At age four, before I went to regular school, my parents sent me to “Play School”, which may sound like an oxymoron to some. Actually the place was called “The Children’s Play School”, and it was founded (in 1935) and run by Margaret Grace Dow Towsley, a feminist, a University of Michigan graduate, and woman of wealth who was deeply committed to issues of child development. She was a founding member of the local chapter of Planned Parenthood. In the 1940s she led the effort to gender-integrate the Ann Arbor chapter of the YMCA, one of only two chapters in the country to accept males and females at the time. In the 1950s she served two terms on the Ann Arbor City Council. In founding her “Play School”, Towsley was acting on her belief that play was critical to child development, self-confidence and a sense of worth.
Towsley may well have been inspired by Maria Montessori, the famous Italian scientist, feminist and humanistic educator, who said that, “Education should no longer be mostly imparting of knowledge, but must take a new path, seeking the release of human potentialities.” Montessori demonstrated in her schools (and packaged in her “method” that is used today in thousands of schools around the world) that children learn best in an enriched child-centered environment where they can explore, touch and learn at their own direction. This should be an environment without tests or grades, which retard learning and self-esteem by introducing a negative and debilitating competition.

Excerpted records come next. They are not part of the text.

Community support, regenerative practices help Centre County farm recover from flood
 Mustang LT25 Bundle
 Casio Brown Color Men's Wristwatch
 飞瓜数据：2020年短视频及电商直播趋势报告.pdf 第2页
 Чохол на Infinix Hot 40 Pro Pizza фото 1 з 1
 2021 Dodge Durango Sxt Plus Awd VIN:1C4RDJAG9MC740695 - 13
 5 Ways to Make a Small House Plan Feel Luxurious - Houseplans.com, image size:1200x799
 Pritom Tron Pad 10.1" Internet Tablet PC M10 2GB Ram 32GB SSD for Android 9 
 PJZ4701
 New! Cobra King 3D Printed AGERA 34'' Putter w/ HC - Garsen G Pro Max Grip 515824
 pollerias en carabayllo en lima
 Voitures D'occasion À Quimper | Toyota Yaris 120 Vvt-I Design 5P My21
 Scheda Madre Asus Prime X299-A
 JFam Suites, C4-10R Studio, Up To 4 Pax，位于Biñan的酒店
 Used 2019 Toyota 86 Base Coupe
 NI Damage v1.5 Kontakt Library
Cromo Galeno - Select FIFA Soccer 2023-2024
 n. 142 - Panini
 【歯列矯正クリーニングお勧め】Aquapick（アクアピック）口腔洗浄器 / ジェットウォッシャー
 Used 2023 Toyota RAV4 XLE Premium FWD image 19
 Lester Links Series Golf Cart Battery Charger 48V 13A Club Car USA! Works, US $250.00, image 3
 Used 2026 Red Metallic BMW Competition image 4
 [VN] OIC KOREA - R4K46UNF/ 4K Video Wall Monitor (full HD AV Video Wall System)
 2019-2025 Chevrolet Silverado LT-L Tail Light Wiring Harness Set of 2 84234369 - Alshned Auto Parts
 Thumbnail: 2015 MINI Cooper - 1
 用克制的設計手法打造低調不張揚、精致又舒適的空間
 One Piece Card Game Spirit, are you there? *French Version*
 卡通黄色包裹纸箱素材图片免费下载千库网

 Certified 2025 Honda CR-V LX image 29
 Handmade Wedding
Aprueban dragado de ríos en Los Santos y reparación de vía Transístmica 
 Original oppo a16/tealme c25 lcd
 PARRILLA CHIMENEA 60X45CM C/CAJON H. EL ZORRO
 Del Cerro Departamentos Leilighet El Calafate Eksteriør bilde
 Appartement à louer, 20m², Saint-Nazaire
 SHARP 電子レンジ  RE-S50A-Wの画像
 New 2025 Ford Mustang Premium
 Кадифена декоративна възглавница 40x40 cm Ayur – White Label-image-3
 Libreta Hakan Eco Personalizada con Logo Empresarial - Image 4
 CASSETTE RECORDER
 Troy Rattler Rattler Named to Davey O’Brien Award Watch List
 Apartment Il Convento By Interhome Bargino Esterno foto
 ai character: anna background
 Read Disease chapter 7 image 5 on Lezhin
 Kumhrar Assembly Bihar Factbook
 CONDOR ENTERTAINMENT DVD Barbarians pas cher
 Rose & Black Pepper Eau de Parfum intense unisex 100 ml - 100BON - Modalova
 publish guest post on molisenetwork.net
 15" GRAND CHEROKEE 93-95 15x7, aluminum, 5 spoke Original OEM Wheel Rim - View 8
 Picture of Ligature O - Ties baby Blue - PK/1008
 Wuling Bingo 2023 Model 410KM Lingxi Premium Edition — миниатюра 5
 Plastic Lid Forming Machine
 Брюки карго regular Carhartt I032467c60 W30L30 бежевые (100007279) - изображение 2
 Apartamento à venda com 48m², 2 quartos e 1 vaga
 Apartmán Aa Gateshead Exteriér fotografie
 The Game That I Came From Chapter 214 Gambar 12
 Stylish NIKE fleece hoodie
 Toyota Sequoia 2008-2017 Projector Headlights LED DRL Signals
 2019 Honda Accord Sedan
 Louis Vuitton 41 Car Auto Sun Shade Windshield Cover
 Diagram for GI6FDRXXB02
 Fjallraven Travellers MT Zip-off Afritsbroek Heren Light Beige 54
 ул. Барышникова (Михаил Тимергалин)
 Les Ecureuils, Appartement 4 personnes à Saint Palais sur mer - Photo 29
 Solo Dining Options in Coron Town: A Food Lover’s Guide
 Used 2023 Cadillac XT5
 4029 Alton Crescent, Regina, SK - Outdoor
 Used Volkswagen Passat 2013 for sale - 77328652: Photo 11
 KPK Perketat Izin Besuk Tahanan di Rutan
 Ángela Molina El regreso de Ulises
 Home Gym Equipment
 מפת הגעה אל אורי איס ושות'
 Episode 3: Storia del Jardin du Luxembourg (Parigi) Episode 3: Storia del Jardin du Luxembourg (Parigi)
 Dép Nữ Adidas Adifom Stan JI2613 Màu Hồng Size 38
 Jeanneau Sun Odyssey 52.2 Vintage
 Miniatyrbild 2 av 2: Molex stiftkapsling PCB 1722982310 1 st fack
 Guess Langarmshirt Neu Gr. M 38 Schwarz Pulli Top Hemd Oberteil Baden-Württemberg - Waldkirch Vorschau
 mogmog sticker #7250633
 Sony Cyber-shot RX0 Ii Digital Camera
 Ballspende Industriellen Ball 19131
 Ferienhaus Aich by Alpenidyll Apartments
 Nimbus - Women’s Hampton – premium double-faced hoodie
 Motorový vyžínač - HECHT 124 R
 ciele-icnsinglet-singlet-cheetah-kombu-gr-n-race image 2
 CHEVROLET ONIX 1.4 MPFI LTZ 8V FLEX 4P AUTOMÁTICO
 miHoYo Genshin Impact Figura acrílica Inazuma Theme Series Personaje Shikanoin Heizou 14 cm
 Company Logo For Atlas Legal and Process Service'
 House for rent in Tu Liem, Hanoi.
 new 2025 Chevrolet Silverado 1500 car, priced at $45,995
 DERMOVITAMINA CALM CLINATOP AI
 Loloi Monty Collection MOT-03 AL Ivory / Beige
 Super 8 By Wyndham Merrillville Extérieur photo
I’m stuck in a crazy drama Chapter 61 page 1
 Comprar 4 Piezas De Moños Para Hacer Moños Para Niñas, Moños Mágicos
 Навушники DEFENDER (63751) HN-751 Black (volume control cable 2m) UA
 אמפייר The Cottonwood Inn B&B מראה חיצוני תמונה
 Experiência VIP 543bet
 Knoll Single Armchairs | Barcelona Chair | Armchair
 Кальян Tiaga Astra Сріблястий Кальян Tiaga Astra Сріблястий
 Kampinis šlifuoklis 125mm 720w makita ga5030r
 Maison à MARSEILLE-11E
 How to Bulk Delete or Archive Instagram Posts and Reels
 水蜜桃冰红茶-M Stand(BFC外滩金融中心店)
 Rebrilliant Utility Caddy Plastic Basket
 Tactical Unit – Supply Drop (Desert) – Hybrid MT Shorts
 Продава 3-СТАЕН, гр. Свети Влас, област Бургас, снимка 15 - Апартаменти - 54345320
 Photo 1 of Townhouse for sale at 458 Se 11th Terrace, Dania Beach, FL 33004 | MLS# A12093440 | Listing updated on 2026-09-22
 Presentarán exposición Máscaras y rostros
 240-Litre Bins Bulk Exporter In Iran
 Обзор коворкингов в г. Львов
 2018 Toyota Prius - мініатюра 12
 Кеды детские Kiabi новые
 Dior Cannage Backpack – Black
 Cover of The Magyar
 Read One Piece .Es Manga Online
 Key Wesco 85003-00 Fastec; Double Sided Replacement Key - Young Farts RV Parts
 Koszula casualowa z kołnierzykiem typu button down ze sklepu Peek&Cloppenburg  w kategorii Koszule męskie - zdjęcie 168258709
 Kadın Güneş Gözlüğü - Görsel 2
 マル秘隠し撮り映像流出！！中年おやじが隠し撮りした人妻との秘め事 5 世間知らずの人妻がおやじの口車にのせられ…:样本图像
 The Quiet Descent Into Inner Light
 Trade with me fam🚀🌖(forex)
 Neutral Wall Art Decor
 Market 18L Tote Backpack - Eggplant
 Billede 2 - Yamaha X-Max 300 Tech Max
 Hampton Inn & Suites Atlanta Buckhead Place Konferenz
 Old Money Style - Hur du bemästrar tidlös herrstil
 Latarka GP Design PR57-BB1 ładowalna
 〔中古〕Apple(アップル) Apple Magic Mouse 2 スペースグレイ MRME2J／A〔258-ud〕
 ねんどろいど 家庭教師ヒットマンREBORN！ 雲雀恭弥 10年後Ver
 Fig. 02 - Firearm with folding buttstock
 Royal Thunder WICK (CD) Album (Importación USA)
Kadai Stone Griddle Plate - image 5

Conventional wisdom says that kids need to go to school and get formal instruction, testing and grading, by adults, to learn, and that play is something you do for amusement and leisure after you come home from school (and have finished your homework). But I agree with Towsley, Montessori, and many others today who say that “play is the work of children”. Unstructured time spent by kids doing whatever strikes them as fun or meaningful is the main way most kids learn, and move forward in their own development, at their own direction, at their own pace.
I have only a few recollections of “Play School”. I certainly remember the place, two green houses side by side on Forest street south of the University campus. I also have a memory of building a rocket ship out of some sort of large wood boxes that I could climb into and pretend to pilot, and another of being out in the backyard digging in the dirt.
So my mom and dad had the same insight as Towsley and Montessori and made my world, particularly the basement, the backyard, and with the park across the street, an enriched environment where I could explore and learn at my own direction. Here is a list of some of the most useful items that I remember to have “enriched” my basement and backyard environments:
1. Construction paper and cardboard boxes, small and large
2. Scissors (not pointy) capable of cutting those boxes
3. Clear tape for binding things together plus making windows
4. Chalk and some concrete surface that can be drawn on and then rinsed or swabbed with water to clean
5. Lots of human figures (mine were mostly military, but could be civilian instead, or both) of maybe the one to three inch tall variety
6. Animal figures of a comparable size including domesticated, wild and dangerous animals (loved those dinosaurs)
7. Constructible materials like Lincoln Logs, Duplos, Legos, Tinker Toys, wooden blocks
8. Lots of dirt or sand with water available
Bottom line, it’s really anything that facilitates the imagination of the kid to go any direction it wants to. The toy or the tool shouldn’t dictate how it is used. When I see those pre-programmed “fun” learning tools advertised on TV I cringe.